Even in the cannabis industry, smoking weed as a CEO or top executive in a nonrecreational setting was seen as unprofessional, Chris Walsh, founder and vice-president of the publication Marijuana Business Daily, said in an interview.
Tesla board members did not respond to requests for comment on Musk’s marijuana use.
In a blog post announcing a series of promotions late on Friday to fill several voids left by senior management departures, Musk made no reference to the episode, though he advised Tesla employees to ignore the news media and focus on Tesla’s growth.
“The issue here is not whether smoking pot is ethical or not,” said Tae Wan Kim, an associate professor of business ethics at the Tepper School of Business at Carnegie Mellon University. “It boils down to the basic assumption whether the CEO, as a trustee of Tesla’s stakeholders, has a duty to be aware of public reactions to his behaviours. As a free person, at least in California, Musk has the right to smoke pot wherever he wants. But with his CEO hat on, he should have seen that his reactions would provoke negative impact from Wall Street.”

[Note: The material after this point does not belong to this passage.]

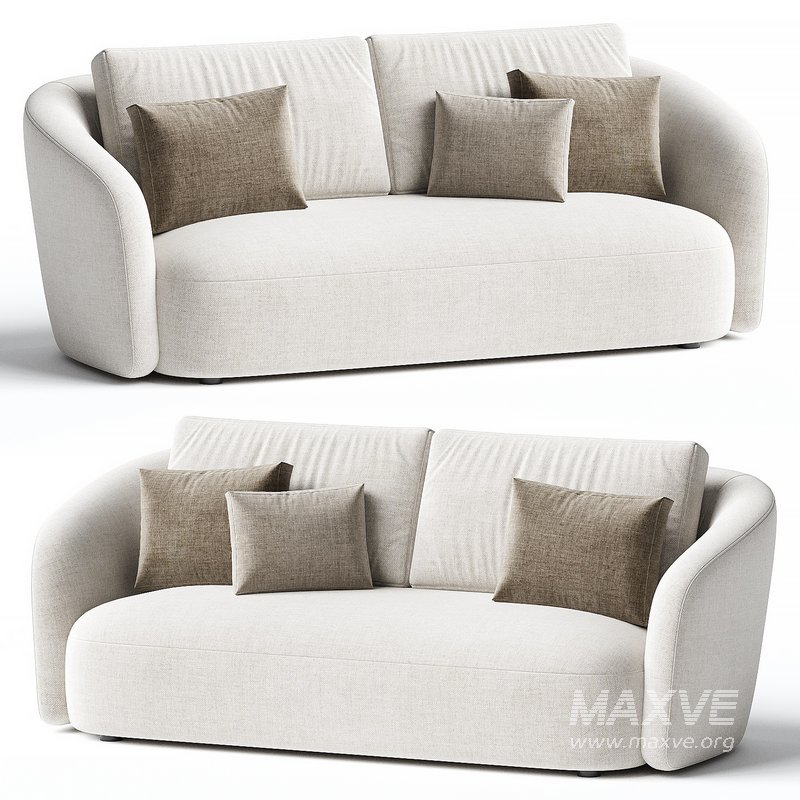 Ellipse Oatmeal 3 Seater Sofa - Image 1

The Tesla board needs to act quickly to get a handle on the situation, said Betsy Atkins, a director at companies including Volvo Cars and Wynn Resorts. Tesla’s board needs to consider hiring an executive to assist with day-to-day operations, she said.
“As a board member at Tesla, it’s got to be clear to you that your CEO is in distress,” Atkins said in an interview.
“It’s hard to see this behaviour as other than either deliberate acting out, or a call for help. Or an, ‘I don’t give a hoot.’ It’s one of those things,” Atkins said.